Death is a fearsome figure when depicted in art or in pop culture. The simplest symbol for death is the old skull and crossbones. You see it on bottles of liquid that are poisonous to drink. It’s a warning to stay away. You see it emblazoned on the Jolly Roger. It`s a warning there as well: Pirates are coming. Death is coming. Be afraid.
Death is a fearsome creature in art and in the movies. In The Seventh Seal, a 1957 Swedish drama-fantasy film written and directed by Ingmar Bergman, Death is depicted in an understated but still unsettling way. Set during the Black Death, it tells of the journey of a medieval knight (Max von Sydow) and a game of chess he plays with the personification of Death (Bengt Ekerot), who has come to take his life.
The Black Death. The bubonic plague that devastated Europe in the Middle Ages had such a profound effect on our art and literature. Death was seen as a reaper… the Grim Reaper, whose deadly scythes mows down souls left and right. Death was at everyone’s doorstep and the scars of that time are still seared on our collective Western psyche.

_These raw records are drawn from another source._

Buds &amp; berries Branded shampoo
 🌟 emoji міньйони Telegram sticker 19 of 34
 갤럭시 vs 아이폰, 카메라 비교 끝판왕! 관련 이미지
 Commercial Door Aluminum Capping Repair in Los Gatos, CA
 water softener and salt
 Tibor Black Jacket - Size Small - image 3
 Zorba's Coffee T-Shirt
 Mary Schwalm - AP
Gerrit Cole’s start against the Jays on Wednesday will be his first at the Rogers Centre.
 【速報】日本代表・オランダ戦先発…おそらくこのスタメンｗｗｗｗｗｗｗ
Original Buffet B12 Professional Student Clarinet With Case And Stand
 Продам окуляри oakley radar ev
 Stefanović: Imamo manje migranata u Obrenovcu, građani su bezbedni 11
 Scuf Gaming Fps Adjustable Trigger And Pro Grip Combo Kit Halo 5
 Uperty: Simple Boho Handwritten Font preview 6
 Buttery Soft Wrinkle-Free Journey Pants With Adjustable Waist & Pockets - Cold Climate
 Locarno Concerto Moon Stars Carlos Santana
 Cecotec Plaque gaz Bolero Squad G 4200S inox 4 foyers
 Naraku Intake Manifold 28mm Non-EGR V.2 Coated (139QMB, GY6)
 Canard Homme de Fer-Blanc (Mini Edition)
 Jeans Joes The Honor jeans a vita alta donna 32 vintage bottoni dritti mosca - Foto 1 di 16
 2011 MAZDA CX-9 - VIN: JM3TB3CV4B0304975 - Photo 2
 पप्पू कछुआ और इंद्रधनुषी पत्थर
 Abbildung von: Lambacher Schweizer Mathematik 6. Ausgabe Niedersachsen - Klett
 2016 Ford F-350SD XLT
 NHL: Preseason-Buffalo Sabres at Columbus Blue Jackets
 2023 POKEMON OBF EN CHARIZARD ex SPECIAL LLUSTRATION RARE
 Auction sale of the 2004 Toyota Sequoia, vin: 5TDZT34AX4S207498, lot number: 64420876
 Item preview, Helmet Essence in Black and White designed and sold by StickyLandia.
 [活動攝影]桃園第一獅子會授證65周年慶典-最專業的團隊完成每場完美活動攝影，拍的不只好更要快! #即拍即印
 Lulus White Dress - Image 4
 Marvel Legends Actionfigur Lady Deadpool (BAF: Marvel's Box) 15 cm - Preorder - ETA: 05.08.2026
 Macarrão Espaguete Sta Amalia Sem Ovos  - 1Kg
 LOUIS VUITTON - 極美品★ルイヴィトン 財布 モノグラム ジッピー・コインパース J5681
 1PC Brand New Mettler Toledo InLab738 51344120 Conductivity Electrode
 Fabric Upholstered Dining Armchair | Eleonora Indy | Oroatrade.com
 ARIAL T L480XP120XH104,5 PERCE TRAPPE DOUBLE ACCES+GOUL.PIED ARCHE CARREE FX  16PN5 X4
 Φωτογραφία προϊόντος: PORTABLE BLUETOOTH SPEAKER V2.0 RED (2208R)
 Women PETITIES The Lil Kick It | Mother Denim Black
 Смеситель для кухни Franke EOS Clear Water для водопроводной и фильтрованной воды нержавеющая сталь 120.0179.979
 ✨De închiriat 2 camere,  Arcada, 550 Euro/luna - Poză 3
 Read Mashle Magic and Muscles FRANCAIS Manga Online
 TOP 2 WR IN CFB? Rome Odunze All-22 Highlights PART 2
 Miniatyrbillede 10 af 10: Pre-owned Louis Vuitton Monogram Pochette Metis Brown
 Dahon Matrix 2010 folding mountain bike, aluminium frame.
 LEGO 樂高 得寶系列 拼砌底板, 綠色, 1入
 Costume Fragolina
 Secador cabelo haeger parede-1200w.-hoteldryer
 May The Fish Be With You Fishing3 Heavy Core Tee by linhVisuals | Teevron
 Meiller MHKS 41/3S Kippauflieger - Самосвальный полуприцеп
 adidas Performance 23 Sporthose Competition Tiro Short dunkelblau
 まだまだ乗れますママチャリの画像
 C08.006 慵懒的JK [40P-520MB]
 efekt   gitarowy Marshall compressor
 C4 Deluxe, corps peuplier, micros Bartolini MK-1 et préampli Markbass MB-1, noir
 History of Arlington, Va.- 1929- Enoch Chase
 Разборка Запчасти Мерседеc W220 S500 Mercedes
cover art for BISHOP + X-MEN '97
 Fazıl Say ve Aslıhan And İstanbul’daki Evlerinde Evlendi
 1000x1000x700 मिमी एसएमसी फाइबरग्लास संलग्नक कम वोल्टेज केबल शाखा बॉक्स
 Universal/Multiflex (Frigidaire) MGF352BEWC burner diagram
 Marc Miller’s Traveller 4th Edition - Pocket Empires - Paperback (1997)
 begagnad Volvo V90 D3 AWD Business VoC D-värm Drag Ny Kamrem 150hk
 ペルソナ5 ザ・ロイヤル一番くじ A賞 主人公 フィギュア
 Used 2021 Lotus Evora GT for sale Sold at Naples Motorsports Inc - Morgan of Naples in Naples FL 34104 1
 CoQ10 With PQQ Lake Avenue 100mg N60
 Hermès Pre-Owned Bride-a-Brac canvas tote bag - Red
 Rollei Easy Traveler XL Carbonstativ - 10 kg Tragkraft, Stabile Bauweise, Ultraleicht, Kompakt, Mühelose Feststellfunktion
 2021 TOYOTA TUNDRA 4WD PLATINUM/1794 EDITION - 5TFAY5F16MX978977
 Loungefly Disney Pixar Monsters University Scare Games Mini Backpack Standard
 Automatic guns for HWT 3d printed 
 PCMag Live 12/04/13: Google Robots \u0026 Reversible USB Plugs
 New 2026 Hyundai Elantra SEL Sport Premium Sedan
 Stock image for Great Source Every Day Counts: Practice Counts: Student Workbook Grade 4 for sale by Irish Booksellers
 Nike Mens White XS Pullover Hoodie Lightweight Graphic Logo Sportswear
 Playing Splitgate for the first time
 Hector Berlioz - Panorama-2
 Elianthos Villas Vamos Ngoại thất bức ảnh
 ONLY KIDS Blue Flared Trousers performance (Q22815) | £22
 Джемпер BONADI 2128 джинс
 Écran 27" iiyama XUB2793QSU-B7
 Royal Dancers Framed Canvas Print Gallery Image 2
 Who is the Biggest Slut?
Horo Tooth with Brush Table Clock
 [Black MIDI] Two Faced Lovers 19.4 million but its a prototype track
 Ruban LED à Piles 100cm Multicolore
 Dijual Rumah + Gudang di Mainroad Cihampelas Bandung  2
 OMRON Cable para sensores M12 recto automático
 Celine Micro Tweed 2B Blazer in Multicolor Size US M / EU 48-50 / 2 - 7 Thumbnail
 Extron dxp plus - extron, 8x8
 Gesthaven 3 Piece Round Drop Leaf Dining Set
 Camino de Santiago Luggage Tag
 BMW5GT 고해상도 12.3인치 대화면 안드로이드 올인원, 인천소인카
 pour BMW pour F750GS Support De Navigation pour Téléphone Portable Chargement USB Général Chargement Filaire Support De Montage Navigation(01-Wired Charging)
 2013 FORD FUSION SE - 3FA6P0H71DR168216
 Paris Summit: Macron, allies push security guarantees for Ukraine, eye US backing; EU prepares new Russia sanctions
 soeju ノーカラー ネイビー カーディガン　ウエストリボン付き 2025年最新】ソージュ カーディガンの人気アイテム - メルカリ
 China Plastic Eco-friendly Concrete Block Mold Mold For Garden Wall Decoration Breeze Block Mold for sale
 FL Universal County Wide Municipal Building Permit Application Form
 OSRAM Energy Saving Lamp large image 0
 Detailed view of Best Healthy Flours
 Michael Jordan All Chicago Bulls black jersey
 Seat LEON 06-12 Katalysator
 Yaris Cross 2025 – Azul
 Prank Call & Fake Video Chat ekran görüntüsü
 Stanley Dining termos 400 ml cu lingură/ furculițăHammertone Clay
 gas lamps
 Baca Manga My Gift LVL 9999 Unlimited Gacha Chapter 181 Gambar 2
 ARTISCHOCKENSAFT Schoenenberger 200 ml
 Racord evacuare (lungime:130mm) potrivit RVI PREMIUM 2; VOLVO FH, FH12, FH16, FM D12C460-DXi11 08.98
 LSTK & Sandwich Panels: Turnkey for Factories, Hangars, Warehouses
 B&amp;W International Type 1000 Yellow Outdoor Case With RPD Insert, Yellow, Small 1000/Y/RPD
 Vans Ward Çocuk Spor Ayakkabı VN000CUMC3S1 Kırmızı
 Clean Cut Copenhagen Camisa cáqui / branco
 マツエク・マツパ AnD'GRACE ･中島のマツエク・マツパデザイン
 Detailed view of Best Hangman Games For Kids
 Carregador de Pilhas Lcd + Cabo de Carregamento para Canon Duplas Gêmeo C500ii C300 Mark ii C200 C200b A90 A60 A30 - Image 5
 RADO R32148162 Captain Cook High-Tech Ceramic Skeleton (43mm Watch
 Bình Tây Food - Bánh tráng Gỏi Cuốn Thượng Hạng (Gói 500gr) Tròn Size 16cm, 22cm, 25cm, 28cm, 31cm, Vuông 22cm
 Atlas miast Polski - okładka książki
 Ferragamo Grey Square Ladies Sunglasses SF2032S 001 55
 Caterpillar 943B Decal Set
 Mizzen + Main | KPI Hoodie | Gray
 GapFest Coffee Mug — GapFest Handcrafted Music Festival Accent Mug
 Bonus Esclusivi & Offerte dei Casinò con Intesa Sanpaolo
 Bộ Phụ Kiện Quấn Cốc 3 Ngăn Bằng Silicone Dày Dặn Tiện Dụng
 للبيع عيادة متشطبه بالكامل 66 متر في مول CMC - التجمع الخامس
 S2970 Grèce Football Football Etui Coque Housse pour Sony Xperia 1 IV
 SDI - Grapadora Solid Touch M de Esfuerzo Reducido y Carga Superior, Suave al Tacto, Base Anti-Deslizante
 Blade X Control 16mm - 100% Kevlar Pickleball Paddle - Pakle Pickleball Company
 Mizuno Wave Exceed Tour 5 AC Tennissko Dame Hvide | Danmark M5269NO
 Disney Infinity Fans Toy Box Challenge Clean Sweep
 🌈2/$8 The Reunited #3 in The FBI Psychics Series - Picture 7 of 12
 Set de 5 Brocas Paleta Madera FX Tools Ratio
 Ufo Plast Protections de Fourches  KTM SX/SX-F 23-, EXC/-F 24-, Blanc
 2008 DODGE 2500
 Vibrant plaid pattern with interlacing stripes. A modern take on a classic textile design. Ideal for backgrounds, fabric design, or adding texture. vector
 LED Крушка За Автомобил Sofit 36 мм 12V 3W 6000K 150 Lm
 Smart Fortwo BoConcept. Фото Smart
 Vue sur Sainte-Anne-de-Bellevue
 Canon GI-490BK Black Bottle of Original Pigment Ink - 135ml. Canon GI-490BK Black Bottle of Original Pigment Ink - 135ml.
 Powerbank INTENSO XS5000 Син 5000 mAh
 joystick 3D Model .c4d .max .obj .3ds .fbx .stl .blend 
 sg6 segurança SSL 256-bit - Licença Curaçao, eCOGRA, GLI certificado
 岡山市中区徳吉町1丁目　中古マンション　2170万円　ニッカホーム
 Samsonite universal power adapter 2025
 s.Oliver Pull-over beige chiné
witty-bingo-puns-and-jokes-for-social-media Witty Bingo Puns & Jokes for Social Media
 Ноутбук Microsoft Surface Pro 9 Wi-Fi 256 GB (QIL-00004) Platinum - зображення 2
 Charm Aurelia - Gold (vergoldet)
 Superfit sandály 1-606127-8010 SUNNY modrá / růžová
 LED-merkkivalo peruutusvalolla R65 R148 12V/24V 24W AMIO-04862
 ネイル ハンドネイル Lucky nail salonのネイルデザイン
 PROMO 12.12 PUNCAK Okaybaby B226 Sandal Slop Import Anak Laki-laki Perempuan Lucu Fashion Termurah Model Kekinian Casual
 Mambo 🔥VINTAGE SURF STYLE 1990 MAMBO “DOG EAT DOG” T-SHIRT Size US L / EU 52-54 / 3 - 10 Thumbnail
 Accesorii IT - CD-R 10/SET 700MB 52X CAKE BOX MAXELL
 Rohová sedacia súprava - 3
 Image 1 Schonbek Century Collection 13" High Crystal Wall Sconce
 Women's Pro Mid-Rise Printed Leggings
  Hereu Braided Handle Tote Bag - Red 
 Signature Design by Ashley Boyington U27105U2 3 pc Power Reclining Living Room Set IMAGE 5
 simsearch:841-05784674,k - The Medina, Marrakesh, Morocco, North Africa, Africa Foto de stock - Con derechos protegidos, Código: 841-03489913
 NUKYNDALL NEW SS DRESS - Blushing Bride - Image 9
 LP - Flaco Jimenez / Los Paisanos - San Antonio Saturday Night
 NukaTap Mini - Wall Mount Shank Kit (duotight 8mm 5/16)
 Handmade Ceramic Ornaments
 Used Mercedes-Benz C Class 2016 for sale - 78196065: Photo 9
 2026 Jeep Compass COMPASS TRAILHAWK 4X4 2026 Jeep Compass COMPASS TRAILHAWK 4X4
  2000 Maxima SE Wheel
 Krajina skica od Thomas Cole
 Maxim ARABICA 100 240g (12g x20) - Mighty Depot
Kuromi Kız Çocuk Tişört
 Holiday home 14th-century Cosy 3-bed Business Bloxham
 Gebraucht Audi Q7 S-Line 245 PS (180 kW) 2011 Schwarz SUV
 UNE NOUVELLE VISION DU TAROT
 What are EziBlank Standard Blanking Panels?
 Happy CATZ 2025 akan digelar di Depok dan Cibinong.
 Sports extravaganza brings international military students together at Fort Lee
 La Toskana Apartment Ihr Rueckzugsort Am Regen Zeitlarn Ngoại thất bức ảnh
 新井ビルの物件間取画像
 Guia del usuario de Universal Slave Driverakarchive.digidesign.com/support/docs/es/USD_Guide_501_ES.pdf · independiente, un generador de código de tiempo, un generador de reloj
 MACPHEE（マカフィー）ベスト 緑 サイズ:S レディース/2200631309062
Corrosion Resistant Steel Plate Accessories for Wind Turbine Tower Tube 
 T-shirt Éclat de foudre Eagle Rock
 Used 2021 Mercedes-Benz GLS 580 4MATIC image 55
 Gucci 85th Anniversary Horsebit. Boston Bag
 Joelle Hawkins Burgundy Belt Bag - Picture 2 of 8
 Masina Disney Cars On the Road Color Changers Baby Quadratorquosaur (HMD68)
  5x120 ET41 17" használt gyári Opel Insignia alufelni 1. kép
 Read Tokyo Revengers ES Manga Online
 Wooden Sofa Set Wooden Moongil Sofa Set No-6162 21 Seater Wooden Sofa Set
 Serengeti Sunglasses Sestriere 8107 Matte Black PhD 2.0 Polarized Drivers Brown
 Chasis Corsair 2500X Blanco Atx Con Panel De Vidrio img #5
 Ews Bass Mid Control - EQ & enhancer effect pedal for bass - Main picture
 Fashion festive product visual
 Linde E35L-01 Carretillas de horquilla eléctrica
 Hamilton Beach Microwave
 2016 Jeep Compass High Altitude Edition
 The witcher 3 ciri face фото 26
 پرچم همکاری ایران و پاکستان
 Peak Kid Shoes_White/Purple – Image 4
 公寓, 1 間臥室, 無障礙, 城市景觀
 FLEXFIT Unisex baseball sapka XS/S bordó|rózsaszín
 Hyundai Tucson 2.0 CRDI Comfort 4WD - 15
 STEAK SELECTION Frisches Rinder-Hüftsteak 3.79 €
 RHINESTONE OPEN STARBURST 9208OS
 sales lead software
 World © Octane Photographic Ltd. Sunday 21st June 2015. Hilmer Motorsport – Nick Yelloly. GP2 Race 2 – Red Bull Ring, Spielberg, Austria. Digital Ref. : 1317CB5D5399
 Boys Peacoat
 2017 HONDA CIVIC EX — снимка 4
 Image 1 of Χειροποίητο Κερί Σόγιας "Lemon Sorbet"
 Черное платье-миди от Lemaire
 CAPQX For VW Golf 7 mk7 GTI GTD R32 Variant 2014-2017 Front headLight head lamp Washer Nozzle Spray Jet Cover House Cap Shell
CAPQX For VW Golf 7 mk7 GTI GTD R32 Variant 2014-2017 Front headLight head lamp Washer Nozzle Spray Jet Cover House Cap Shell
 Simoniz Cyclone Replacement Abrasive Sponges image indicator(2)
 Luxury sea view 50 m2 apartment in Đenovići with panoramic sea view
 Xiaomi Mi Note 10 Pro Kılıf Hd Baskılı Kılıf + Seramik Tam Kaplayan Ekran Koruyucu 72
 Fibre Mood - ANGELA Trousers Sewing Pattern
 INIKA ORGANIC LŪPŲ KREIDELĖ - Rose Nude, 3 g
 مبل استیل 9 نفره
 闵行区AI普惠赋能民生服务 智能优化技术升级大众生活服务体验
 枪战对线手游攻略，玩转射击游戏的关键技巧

But Death isn’t always grim and terrifying. Sometimes Death can be funny, especially when depicted by the Monty Python gang in their 1983 film Monty Python’s Meaning of Life. In that film Death is depicted as the traditional Grim Reaper, surprisingly frightening at first, then, naturally he gets the mickey taken out of him by a group of fatuous, self involved socialites. Death becomes angry and frustrated, especially with an American couple visiting Britain. “Well, you’re dead now,” Death growls at them. “So shut up!”
But it’s not all grim and reaper-y. In Neil Gaiman’s Sandman comic series, Death instead appears as an attractive, pale young goth woman dressed in casual clothes – often a black top and jeans. She also wears a silver ankh on a chain around her neck, and has a marking similar to the eye of Horus around her right eye. She is pleasant, down-to-earth and perky,
And then there is the comic book character Lady Death, who is downright sexy.
Created in 1991 by writer Brian Pulido, Lady Death was originally a teenaged girl named Hope who is deceived by demons and trades her mortality for eternal life in Hell. Upon her arrival she is enslaved. To ensure her survival she turns to the darkness within herself and begins a transformation into Lady Death. In the end, she fights back and leads a rebellion that topples the mighty Lord of Darkness himself.
The comic book character has also inspired a goodly amount of cosplay amongst certain lively and… healthy practitioners of that craft. Just look it up. Do a Google search. Maybe it’s not so bad, contemplating Death when she is depicted by such vivacious artists. Never has Death been portrayed by those who are so full of life.
Forgive me for dwelling. Given the events of just this last day, let alone the whole of 2016 so far, these thoughts just seem to be not far from everybody’s mind. Maybe it helps us to deal with it. Maybe it draws us all who are still alive a little closer to each other.
As the 17th century poet Robert Herrick observed: “Gather ye rosebuds while ye may“. Maybe it’s the reminder that we need that life is precious and fleeting and must be embraced while there is still time.
I’m going to go and gather rosebuds.